The fastback version was introduced in 1965; it has a trunk like the coupe does, but will have a different C-pillar and back window. There is a louvered quarter window trim on the standard and GT model fastbacks, but the lower quarter trim that is on the coupes will be gone.
To spot the difference between the 1965 and 1966, refer to the grille, as mentioned above. If you see a triple stripe along the rocker panel with a lettered “Mustang” emblem, that identifies the car as a GT model for both 1965 and 1966, just like the coupes.
1967-68 Mustang, Non-Shelby
The headlamp bezel on the 1967-68 extends to the edge of the grille, and eliminates the filler piece that showed up on the earlier models. This distinguishes the 1967-68 from earlier models, and differences between the two are much easier to spot.

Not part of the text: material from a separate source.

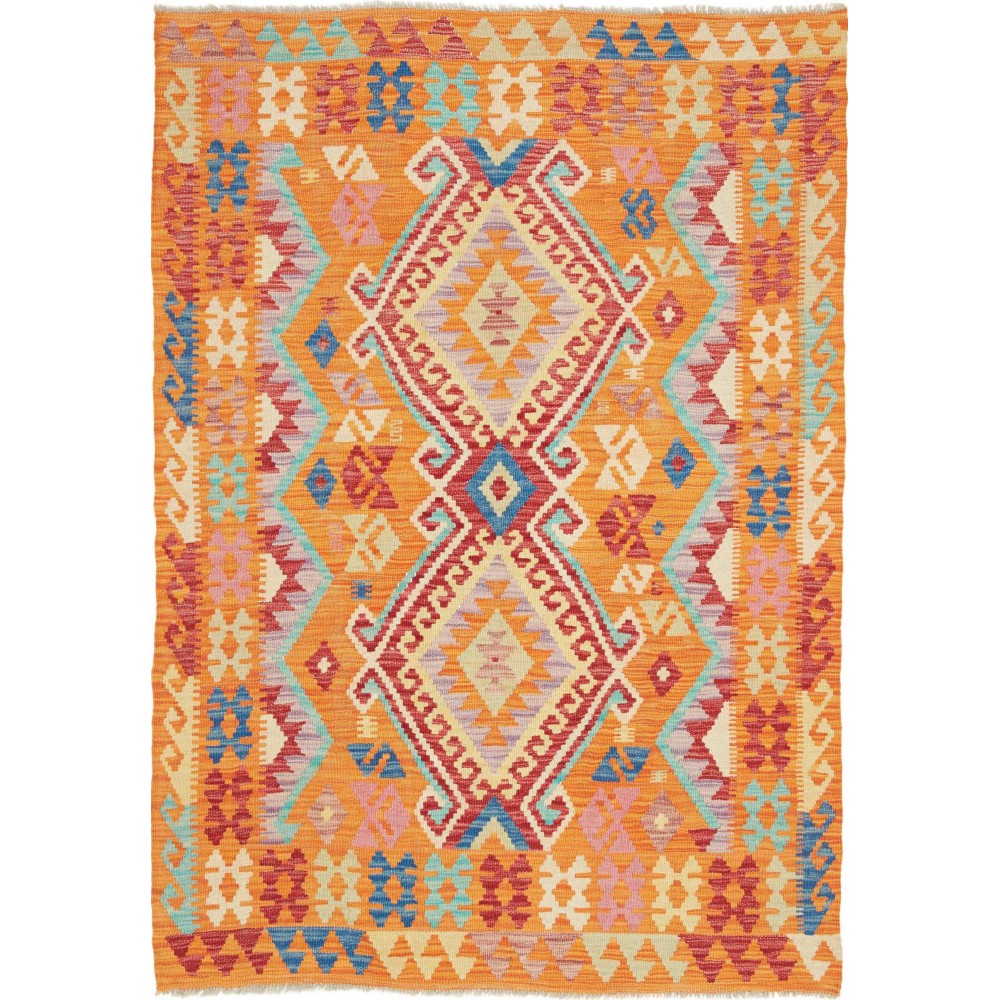 Tappeto Kilim Afghanistan arancione marrone 122x174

Like the earlier Mustangs, the grille is different between 1967 and 1968. For 1967 there will be a horizontal cross bar, and for 1968 there will be a halo around the grille opening. Both grilles have a similar crate pattern, and will have a slightly larger grille surround. Clear front signal lenses started showing up in 1967, also, with amber bulbs.
The quarter treatment is unique to each year. The 1967 model will have a dual ‘scoop’, whereas the 1968 has a smaller insert . and another difference that is much easier to spot are the side marker lights on the 1968, both front and rear, as seen below.
1965-66 Shelby Mustang
The Shelby came out in 1965 and will have a G.T. 350 stripe on the rocker panel. The grill for 1965 is honeycomb, while 1966 has the slotted grille. The grille emblem is off to the left side, and the front hood molding is gone, as are the fender emblems.
In 1965, the Shelby has a louvered quarter window, but in 1966 there will be a glass quarter window. Down lower, there is a scoop added to 1966, while the 1965 is plain. You will also find dual stripes up and over the center of the car and down the rear body panel.
1967-68 Shelby Mustang
The 1967 and 1968 Shelby Mustangs have quite simple features to distinguish. The 1967 hood extends all the way to the front, where the 1968 hood meets up to the nose extension, which is unique to the Shelby for 1968. You can also see the round driving lamps on the 1967, and the square lamps on the 1968, switching from inboard in ’67 to outboard in ’68.
From the rear, the tail lamps are slightly different as well. The 1967 will be a full panel with a bit of point at the outer center; the 1968 will have vertical separations in the trim, and a smoother outer edge.
While this may not help you to become an expert with all versions and options on the 1964-1/2-1968 Mustang, hopefully our Spotters Guide will help you to distinguish what year the Mustang is, and with some of the cues on the Shelby you’ll be able to spot the clones from the real thing.